The problem with these manual tweaks is that they rapidly become unwieldy. As you add hundreds or thousands of these hand-coded rules, they start to interact in unpredictable ways. When evaluating a new rule, it becomes unclear if performance of that rule might be improved by tweaks to the rule, tweaks to other rules, or removing other rules that have now been subsumed.

It appears Google has hit this problem head on. The "many thousands of interlocking equations" require a "closely guarded internal [program] called Debug" that attempts to explain whether the rules are doing "more harm than good."

Frankly, I thought Google was beyond this. Rather than piling hack upon hack, I thought Google's relevance rank was a giant, self-optimizing system, constantly learning and testing to determine automatically what works best.

How would this work? With a search engine the size of Google's, every search query can be treated as an experiment, every interaction as an opportunity to learn and adapt.

In each query, a few of the results would be different each time. Each time, the search engine is making a prediction on the impact (usually an anticipated slight negative impact) of making this change. Wrong predictions are surprises, opportunities to learn, and are grouped with other wrong predictions until the engine can generalize and attempt a broader tweak to the algorithm. Those broader tweaks are automatically tested, integrated if they work, and the cycle repeats.

For example, on the query [teak patio palo alto], experiments may show the Teak Patio store in Palo alto is getting unexpectedly high clickthrough. Another query, for [garden stone seattle], is showing similar problems in experiments. In clustering, both queries are classified as local. Both show modest purchase intent. The clickthrough urls have been classified as local businesses. On the known data, the most general rule based on this result, one boosting local businesses when a query is classified as local with purchase intent, appears to give a lift. The rule is tested live on a percentage of users, results match predictions, and the system adds the new rule for all users. The process repeats.

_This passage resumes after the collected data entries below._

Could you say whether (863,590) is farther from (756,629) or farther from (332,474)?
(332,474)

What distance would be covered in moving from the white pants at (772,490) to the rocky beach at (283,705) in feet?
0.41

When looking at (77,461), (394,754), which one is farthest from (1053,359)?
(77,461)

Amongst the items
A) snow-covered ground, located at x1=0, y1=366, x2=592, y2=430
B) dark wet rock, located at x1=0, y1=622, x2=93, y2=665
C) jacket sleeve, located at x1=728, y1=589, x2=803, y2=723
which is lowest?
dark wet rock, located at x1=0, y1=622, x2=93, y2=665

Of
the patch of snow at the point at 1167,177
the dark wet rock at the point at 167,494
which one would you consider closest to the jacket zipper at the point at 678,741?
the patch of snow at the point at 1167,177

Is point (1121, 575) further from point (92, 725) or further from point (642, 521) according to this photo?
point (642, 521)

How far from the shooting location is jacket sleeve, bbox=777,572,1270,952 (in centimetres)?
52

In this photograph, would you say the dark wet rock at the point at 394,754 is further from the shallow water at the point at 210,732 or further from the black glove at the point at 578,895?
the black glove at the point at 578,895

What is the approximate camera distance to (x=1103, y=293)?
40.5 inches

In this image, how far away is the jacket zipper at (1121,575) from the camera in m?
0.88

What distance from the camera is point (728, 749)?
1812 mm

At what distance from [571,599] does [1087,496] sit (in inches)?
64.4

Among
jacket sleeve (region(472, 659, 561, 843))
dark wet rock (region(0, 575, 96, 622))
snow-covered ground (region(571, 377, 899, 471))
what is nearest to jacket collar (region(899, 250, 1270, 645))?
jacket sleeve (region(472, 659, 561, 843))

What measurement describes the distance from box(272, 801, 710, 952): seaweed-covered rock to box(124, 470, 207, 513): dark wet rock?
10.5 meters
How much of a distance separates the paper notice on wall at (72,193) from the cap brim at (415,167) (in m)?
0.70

Similarly, a group of queries that match known names (e.g. celebrities) may show that links classified as sites are appearing too low in rankings. In automated testing, a general version of this rule performs poorly unless another rule with strong overlap is removed; a more specific rule performs well but applies less frequently. The older rule is removed, the newer general rule put in place.

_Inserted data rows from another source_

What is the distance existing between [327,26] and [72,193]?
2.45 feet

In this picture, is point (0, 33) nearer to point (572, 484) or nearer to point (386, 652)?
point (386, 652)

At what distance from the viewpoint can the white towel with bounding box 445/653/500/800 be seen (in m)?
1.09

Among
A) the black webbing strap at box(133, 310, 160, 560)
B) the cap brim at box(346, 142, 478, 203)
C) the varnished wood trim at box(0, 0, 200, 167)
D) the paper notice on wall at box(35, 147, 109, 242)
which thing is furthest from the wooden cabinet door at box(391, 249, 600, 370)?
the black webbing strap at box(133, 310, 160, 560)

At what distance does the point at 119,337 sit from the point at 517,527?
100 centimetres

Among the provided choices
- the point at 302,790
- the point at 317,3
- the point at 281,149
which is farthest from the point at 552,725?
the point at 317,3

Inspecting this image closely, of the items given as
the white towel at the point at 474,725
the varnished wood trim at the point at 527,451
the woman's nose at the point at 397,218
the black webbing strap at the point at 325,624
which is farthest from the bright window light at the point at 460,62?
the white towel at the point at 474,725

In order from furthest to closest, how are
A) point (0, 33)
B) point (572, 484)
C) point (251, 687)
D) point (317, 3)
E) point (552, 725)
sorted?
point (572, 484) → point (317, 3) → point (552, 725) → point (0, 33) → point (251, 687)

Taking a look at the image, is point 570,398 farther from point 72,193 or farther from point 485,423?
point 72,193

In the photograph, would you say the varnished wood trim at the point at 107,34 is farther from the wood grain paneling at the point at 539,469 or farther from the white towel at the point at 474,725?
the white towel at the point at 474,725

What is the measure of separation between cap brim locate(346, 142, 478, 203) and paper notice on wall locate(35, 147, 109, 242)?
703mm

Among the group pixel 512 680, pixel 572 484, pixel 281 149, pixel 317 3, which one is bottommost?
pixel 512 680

While this process does result in specific tweaks to the engine like the manual approach, it does not rely on someone manually finding the rule. Unexpected tweaks to relevance rank may arise from the data. Moreover, a self-optimizing relevance rank does not rely on someone manually coming back to rules to maintain or debug them over time.

This approach would require massive computational power -- a huge infrastructure classifying and clustering queries and urls into hierarchies, a framework for testing billions of changes and tweaks simultaneously and generalizing from the results -- but I thought Google had that power already.

Perhaps this merely shows how much further there is to go in search. As Larry Page recently said, "We're probably only 5 per cent of the way there."

Update: Five weeks later, there are a few more tidbits about Google's experiments and their tweaking of their relevance rank in an interview of Udi Manber by Eric Enge. Some excerpts:
We run literally thousands of experiments a year and pick the ones that score well.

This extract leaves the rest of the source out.